EXERCISE BRIEF — Only one span is wanted from the lines below: from the one with "A person dredging" up to and including the one with "Spacious walk-in shower". Copy it exactly, without images.

RECORDS —

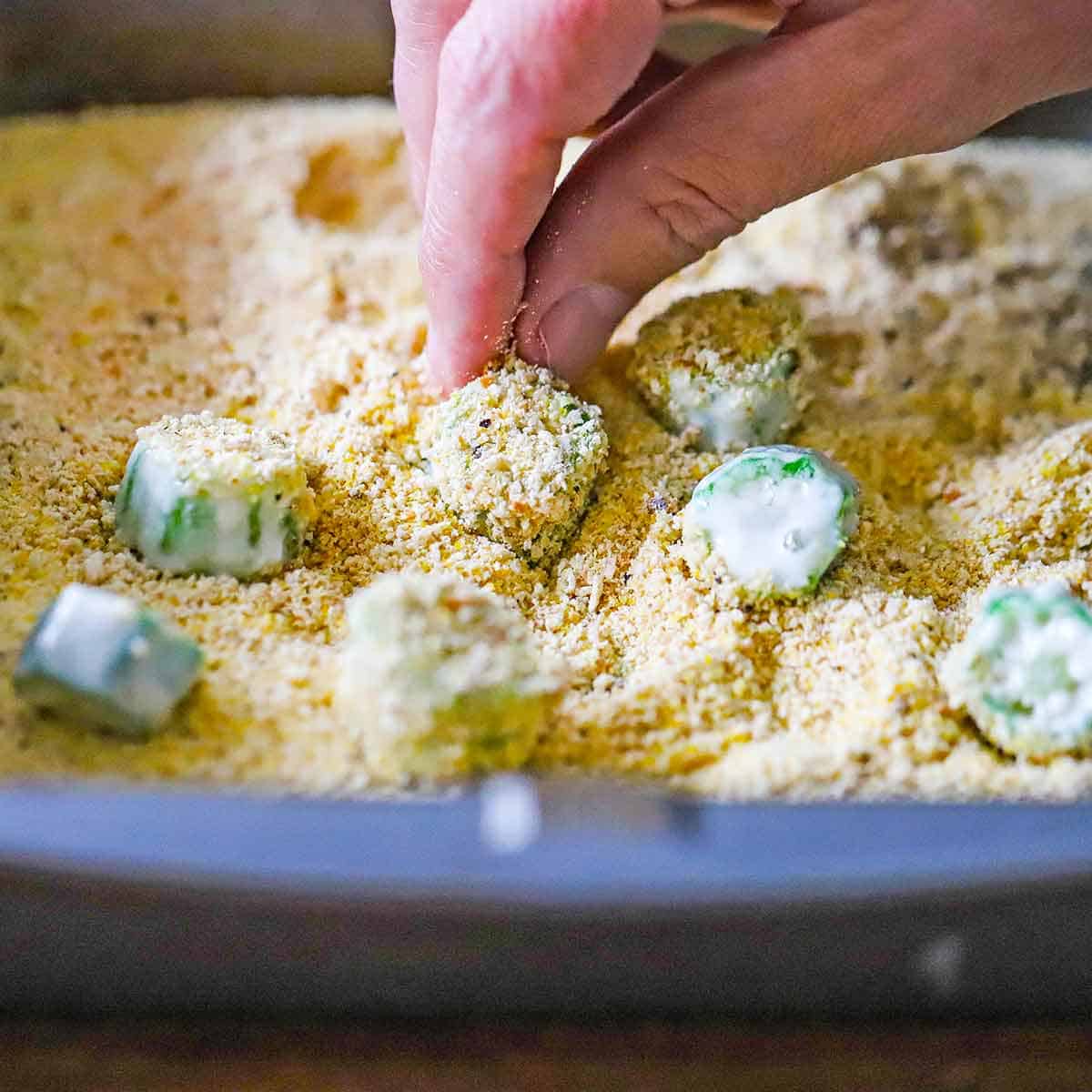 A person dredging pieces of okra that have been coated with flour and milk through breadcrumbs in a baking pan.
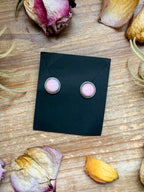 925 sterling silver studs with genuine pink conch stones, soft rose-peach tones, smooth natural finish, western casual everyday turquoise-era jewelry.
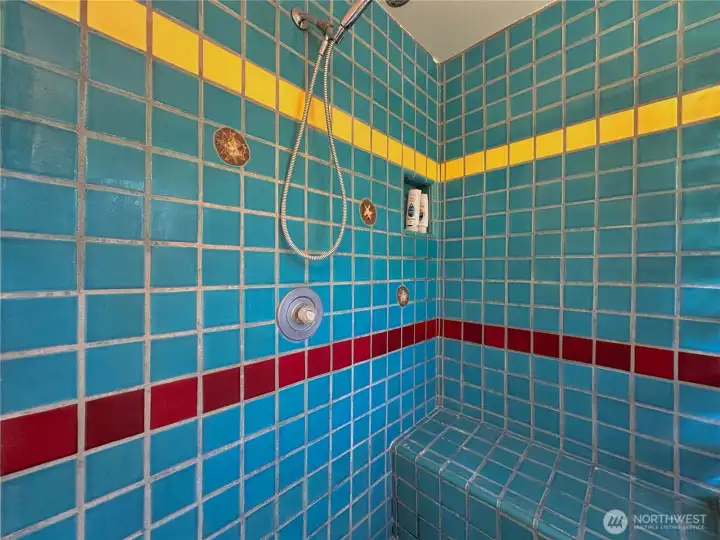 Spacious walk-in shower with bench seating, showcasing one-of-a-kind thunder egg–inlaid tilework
--
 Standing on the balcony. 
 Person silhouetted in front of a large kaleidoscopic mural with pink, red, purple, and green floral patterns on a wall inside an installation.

EXERCISE RESULT —
 A person dredging pieces of okra that have been coated with flour and milk through breadcrumbs in a baking pan.
 925 sterling silver studs with genuine pink conch stones, soft rose-peach tones, smooth natural finish, western casual everyday turquoise-era jewelry.
 Spacious walk-in shower with bench seating, showcasing one-of-a-kind thunder egg–inlaid tilework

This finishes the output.